I'm preparing myself for a nice long and relaxing weekend after a bit of a nightmare of a week. I'm glad to say I am now fully recovered from my 3 day migraine and even in the middle of all of that I managed to get three of my small canvas' done. Some of my research on line about selling and marketing your art is to have art in three separate price ranges. Something for the under £50 mark, something for the £200 mark and then the £1000+ . I have collected a bunch of smaller canvases over the years and I've never really used them so I thought they could be the cheaper ones and although as I learned this week, just as much effort goes into them as the bigger ones the time is reduced so I can justify letting them go for something reasonable. This all raises a few questions in me about the difference between creating what is truly in my heart and utilizing my skills.
I'll be honest, most of my work is a happy accident. A scribble that I fall in love with, a sentence that becomes a poem, a whistle that becomes a song. That is how creativity works for me and I love the process. The emotional expression, the evolution, the unravelling of who I am creatively to get to my core. But there's also art that pays the bills. There are commissions of paintings that I would never normally do, songs I sing that I would never normally look at. And what I've learned is that there's an art to that too. To finding the unravelling and expression in something that you wouldn't normally step into.

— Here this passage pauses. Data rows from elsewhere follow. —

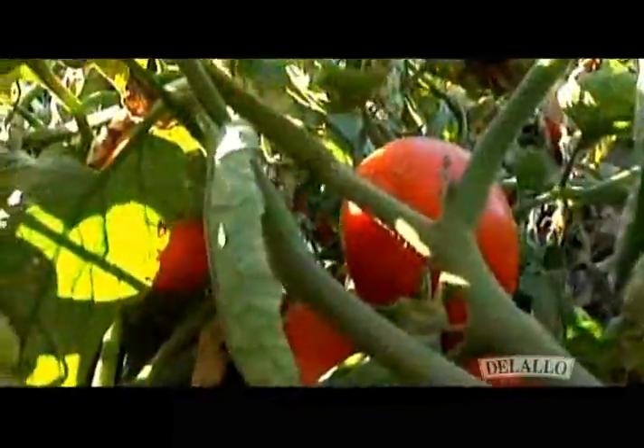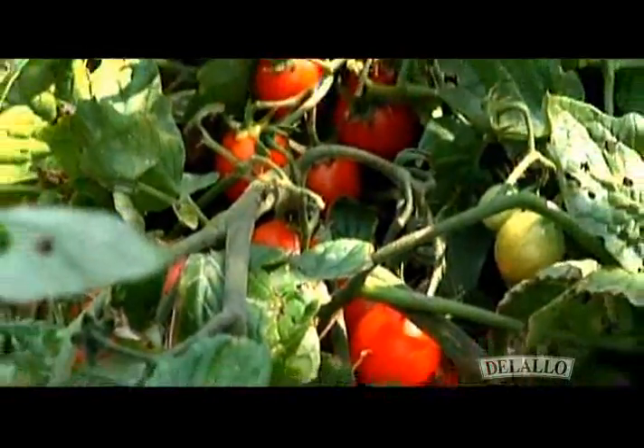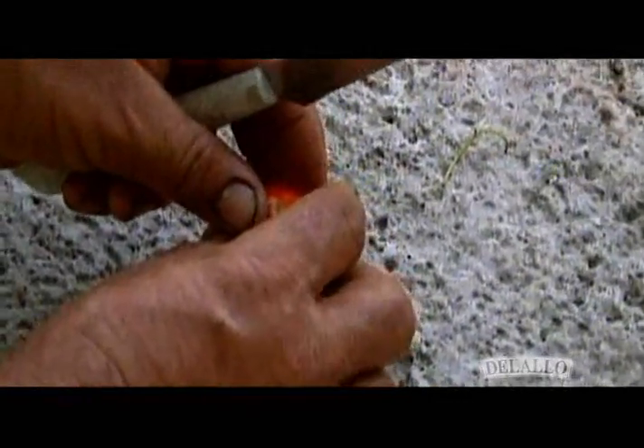Our tomatoes are the prized Italian plum variety grown in the fertile and volcanic soil of Campania, harvested in the late summer. These delicate tomatoes have a vibrant red color and a well-balanced sweet flavor.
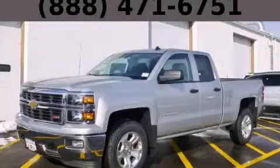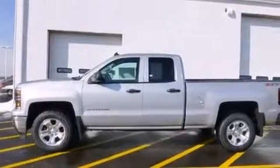This is a brand new 2014 Chevrolet Silverado 1500. It has what you need for work as well as what you want for play.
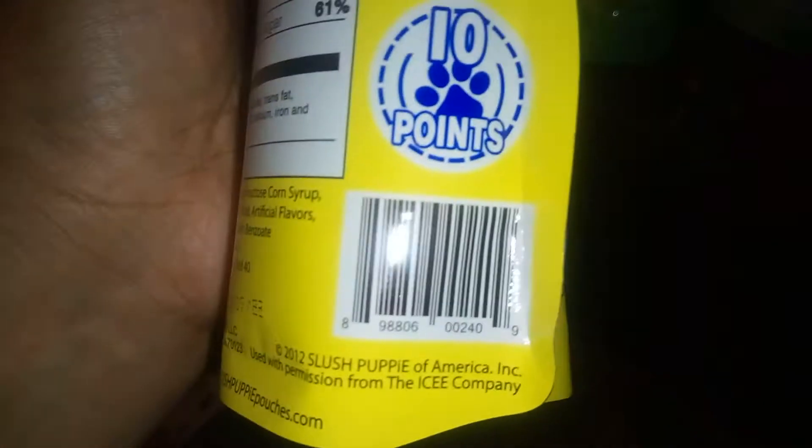Here's number two, and here's the barcode to the Slush Puppies.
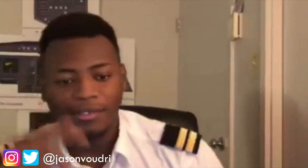Thank you for watching the video. It's your boy FlyJV — I'm out.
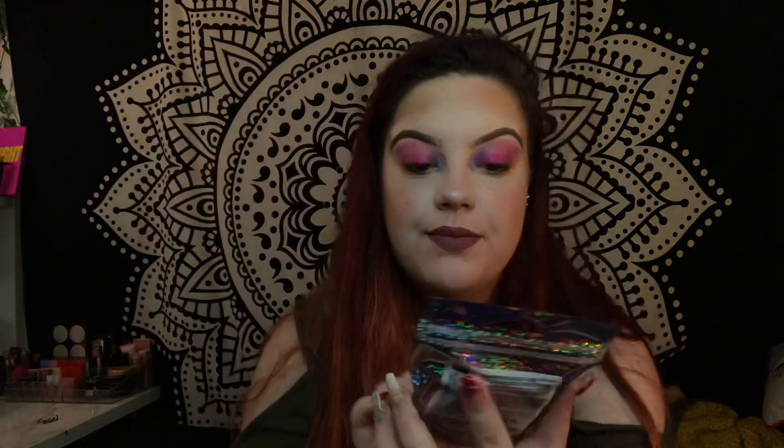Oh, that looks so cute - a little love heart thing. I'm not really into cream blushes but I might give this a go. This says 'Milky Orange.' This is cute - this is the Petite Recipe.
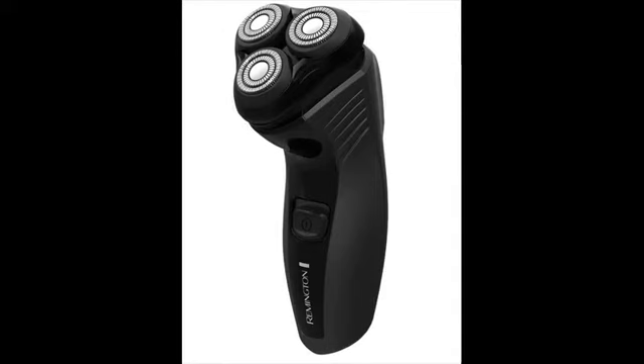When we talk about closeness, Remington shavers are the best choice in the entry-level $20-$50 electric shaver category. They usually outperform shavers from other top brands in the same category.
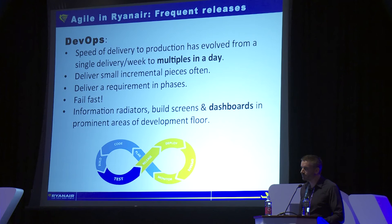DevOps is an area we're moving more and more into. We deliver features or changes to our website multiple times a day. It's all about getting small incremental pieces out often. Fail fast, do it often, and get better at it.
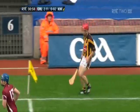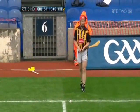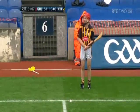Conor Gooney unable to control that slither, skipping off the surface. That mist and rain seems to have disappeared temporarily at least. Still very cloudy overhead.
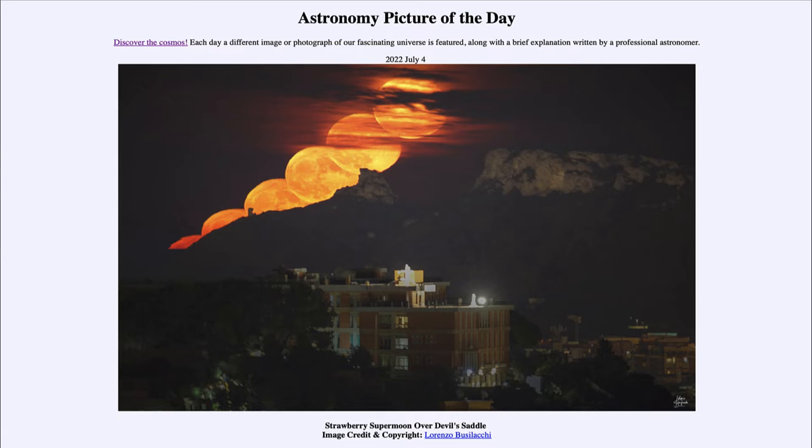for July 4th of 2022 is titled 'Strawberry Supermoon over Devil's Saddle.' Here we see the Devil's Saddle, a mountain off in the distance, and rising up above it we see the moon — it is the full moon, and it is actually a supermoon, called a strawberry supermoon.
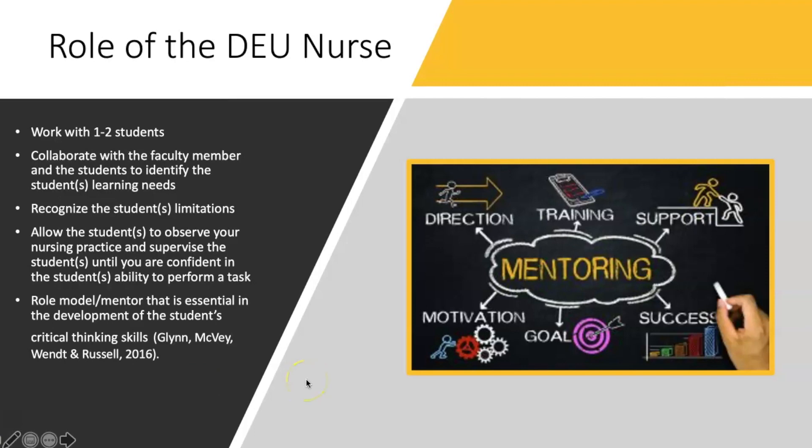The role of the DEU nurse is to work with one to two students. The DEU nurse will collaborate with the clinical faculty member to identify students' learning needs as well as students' limitations. They will begin by allowing the student to observe their nursing practice, then allow the student to get some hands-on experience. Once they feel confident in the student's ability to perform a task, they will allow the student to perform that independently. They are ultimately a role model and a mentor to the student, which is essential in the development of students' critical thinking skills.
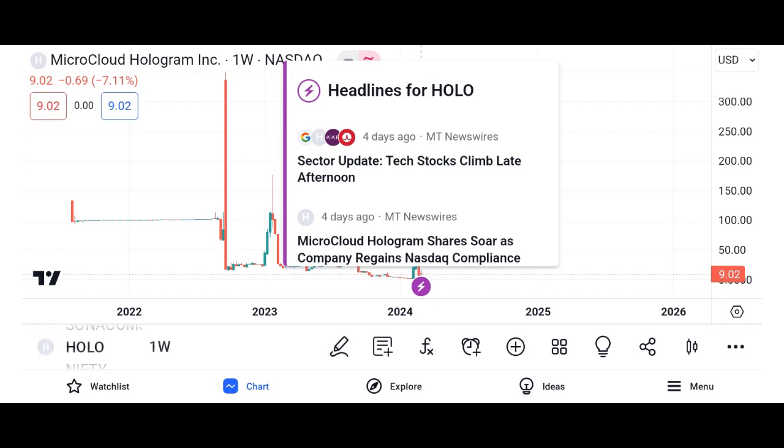Investment considerations: While Holo presents promising opportunities, it's essential to understand the risks associated with investing in cryptocurrency. Volatility is inherent in the crypto market and investors should exercise caution and conduct thorough research before making any investment decisions. Diversification and long-term perspective are key strategies for navigating the unpredictable nature of the market.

There is a narritive I picked up in art college that goes something like this, “Work on what you love and the money will come.”. Tried that. Didn't work. I've done tours across the country and come home out of pocket, I have paintings that I love that no one seems remotely interested in. It happens and it's O.K that it does. I've come to understand that my relationship with my art is a personal one and that just because I like something it doesn't mean that everyone else will. So I continue to do the work that I love, that goes without question but I also am mindful of what sells. If some part of my work is popular then it would be stupid to not continue investing in it, even if it's not exactly setting my soul on fire in that moment. At least I still get to create and have people appeciate what I do. So I keep painting the things that I love to paint and I keep making the things I love to make and what connects with others is a process that I am mindful of but not driven by.